We should not be frightened of a return to volatility in the markets – provided it can be managed
Economic View: Good news comes in a gradual stream while bad news comes in chunks
Thursday 05 June 2014
It's quiet – too quiet. You know the classic movie scene where the hero observes how quiet things are just a moment before all hell breaks loose? It's a bit like that on the financial markets just now. Whether there is some shock about to hit us is anyone's guess, but the lack of volatility in the markets is quite remarkable. Shares in the developed world are pretty flat, currencies are pretty flat, bonds are pretty flat and most commodities are pretty flat too.
For anyone who makes money out of volatility, such as the shareholders of IG Index, the UK's largest spread-betting firm, this is already bad news. It noted a couple of weeks ago, when it produced its results, how subdued trading had been. It was also a key part of a recent speech at the LSE by Charlie Bean, a deputy governor of the Bank of England, on the future of monetary policy – how we get back to normal. He showed one of those spider's web graphs, reproduced here. This demonstrates that volatility in a number of different markets was much higher during the financial crisis (the red ring) than it was beforehand (the blue ring), as you would expect. But since the February Inflation Report it has been even lower than it was before the crisis (the black ring).

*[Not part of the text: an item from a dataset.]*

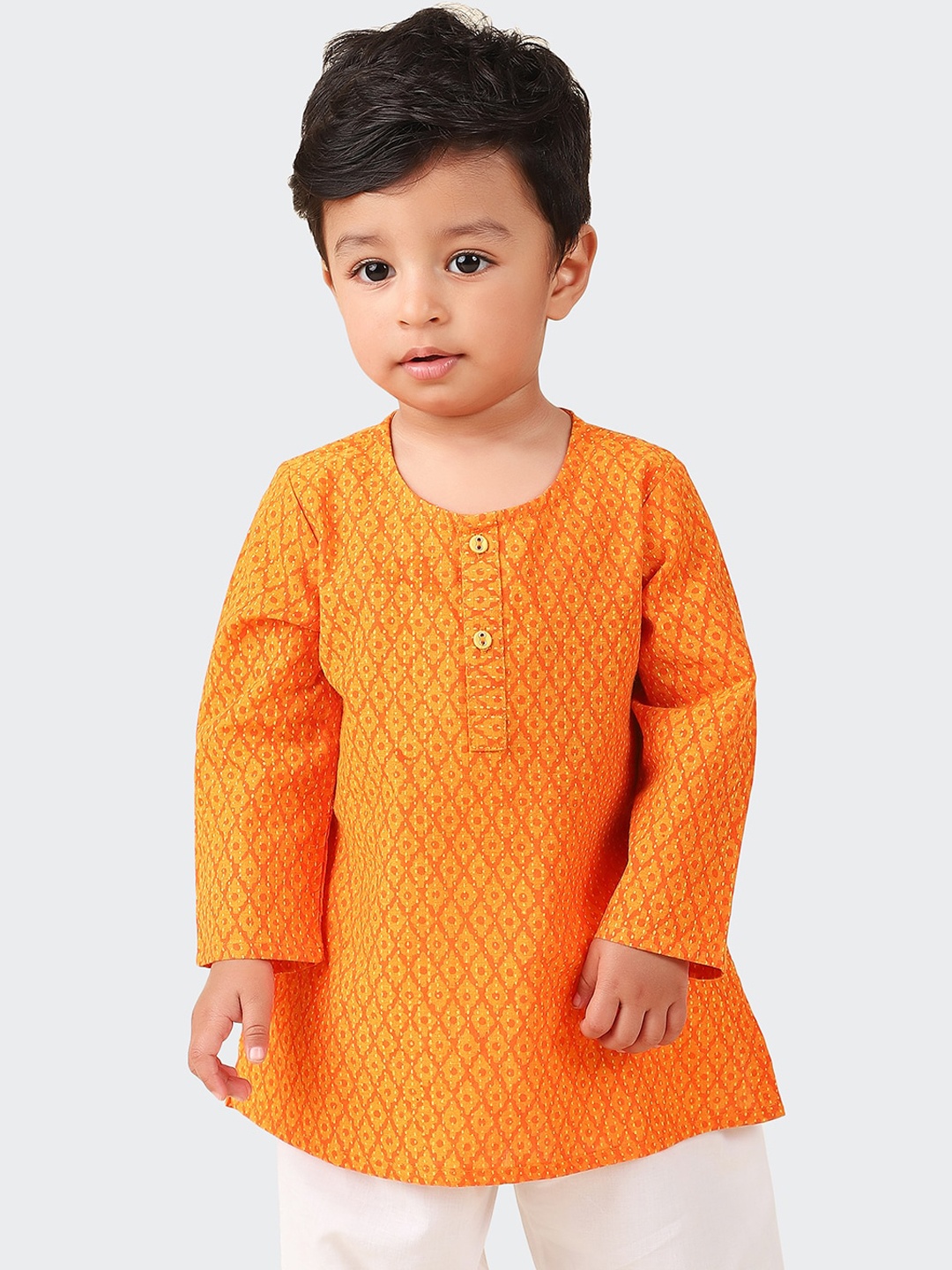 Fabindia Infants Boys Round Neck Ethnic Motifs Printed Cotton Kurta, Orange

"Taken in isolation," he observed, "this is eerily reminiscent of what happened in the run-up to the crisis."
Another measure of volatility is the Vix, the so-called "fear gauge". This is the Chicago Board Options Exchange Volatility Index and it reflects a market estimate of future volatility based on the weighted average of the implied volatilities of a number of different markets. This is currently the lowest it has been for a year, and as you can see from the second graph, it has fallen further since February.
Why so quiet? There are two broad explanations and the answer will encompass some mix of them both.

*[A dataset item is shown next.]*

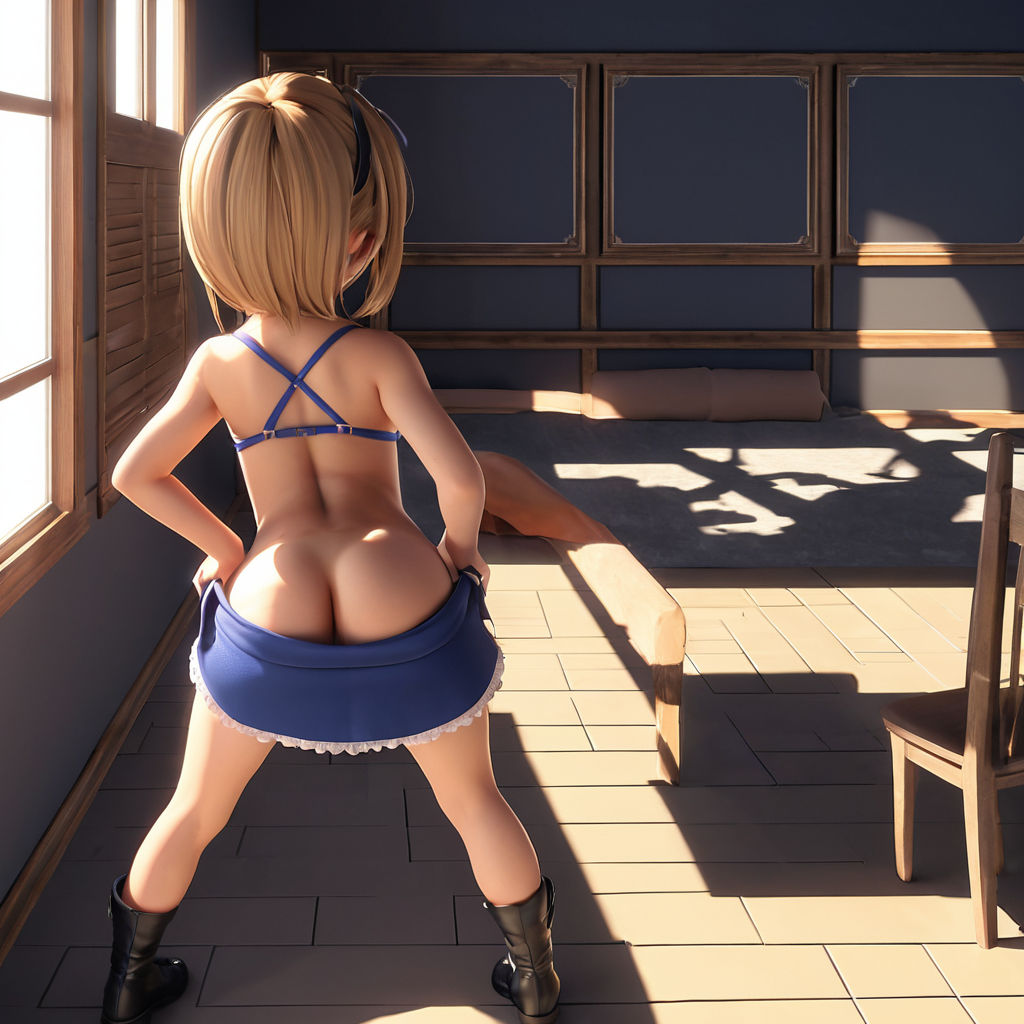 Anime-Style Character in Blue Attire in a Sunlit Room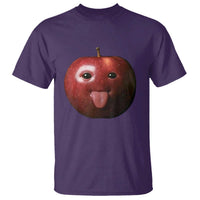 Cute Freaky Apple with Tongue Out T Shirt Funny Goofy AI Fruit Meme - Wonder Print Shop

One is investors can see that the world economy is in the early stages of a cyclical recovery. Although different countries are moving at different speeds – the UK, US and Germany well into it, France, Italy and Spain well behind – the recovery has a long way to run. Growth will enable countries/markets/companies to work through any difficulties they might face. This combination – an awareness that a lot needs to be fixed but also a confidence that it can be fixed – explains the calm in the markets. Both the good news and the bad are, so to speak, "in the market".
The other explanation, cited by Mr Bean in his speech, is that there is "a sense of complacency and an underestimation of market risk by investors". He continued: "It is inevitable that at some stage market perceptions of uncertainty will revert to more normal levels. That is likely to be associated with falls in risky asset prices and could be prompted by developments in Ukraine, the fault lines in the Chinese financial sector, monetary policy exit in the advanced economies, or something else. But it will surely come at some point."

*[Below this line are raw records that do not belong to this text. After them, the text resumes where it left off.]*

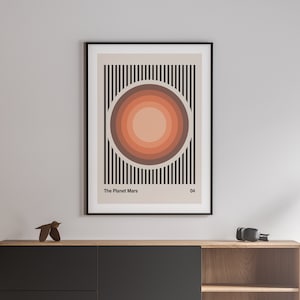 Vintage Space Poster, Retro Wall Art Print, Bauhaus Poster, Minimalist Print, Mid Century Modern Art, Eclectic Wall Decor, Planets Art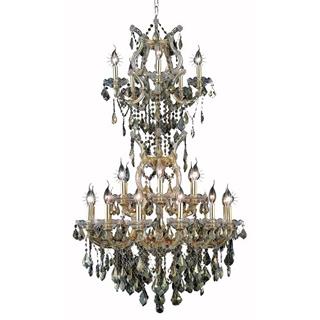 2380d30sg-rc 30 In. Karla - Large Hanging Fixture Heirloom Handcut Crystals, Gold
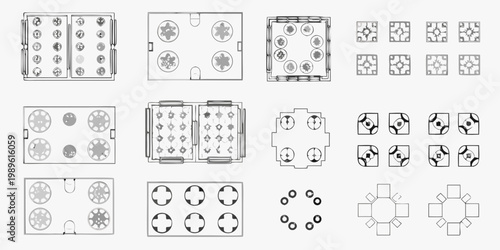 Overhead view of various geometric patterned square and circular tiles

It is implicit in that statement that the shock will be a negative one and given present level of asset prices this is probably right. Louise Cooper, the independent analyst, put out a post yesterday drawing attention to the way American investors were seeking protection against a fall in share prices: the ratio of "puts" relative to "calls" was at its highest level since 1955. Many more people were betting that the market would fall rather than rise.
That is certainly the balance of probability. But we should not exclude the possibility that the surprises will be positive ones: that the breakout will be on the upside, not the down. It is harder to make this case, largely because the world being what it is, good news comes in a gradual stream while bad news comes in chunks. It will be interesting to see today's statement by the European Central Bank, both for what it proposes and the market reaction to it. Expectations are very high and that itself must be a concern; but the ECB president, Mario Draghi, is not someone you want to bet against. If the negative surprises that might break this period of low volatility are the usual suspects noted by Mr Bean, the positive surprises must include better-than-expected performance from the eurozone.
For the US, the main positive surprise would be for employment to pick up. The rate of hiring has been unusually slow, given the OK economic performance. If that were to happen it would underpin rising consumption and spread the benefits of the recovery more widely.
And here in the UK? Well, all the data are very positive, particularly the prospects for employment growth (the CBI survey yesterday was strong) and the monetary indicators. Narrow money is pointing to good growth for the rest of this year. The question really is not about the economy, but about how much of the positive stuff is in the market already, and how seriously political risk is weighing on sentiment – political risk including the Scottish referendum as well as the general election next year.
One final thought. There is an implicit assumption that volatility in financial markets is bad and stability is good.
On the face of it that is true: you absolutely don't want the level of volatility associated with the financial crisis. But a return to more bumpy markets would create opportunities for companies as well as investors. We certainly should not be frightened of it, which is a good thing because that is what we shall surely get.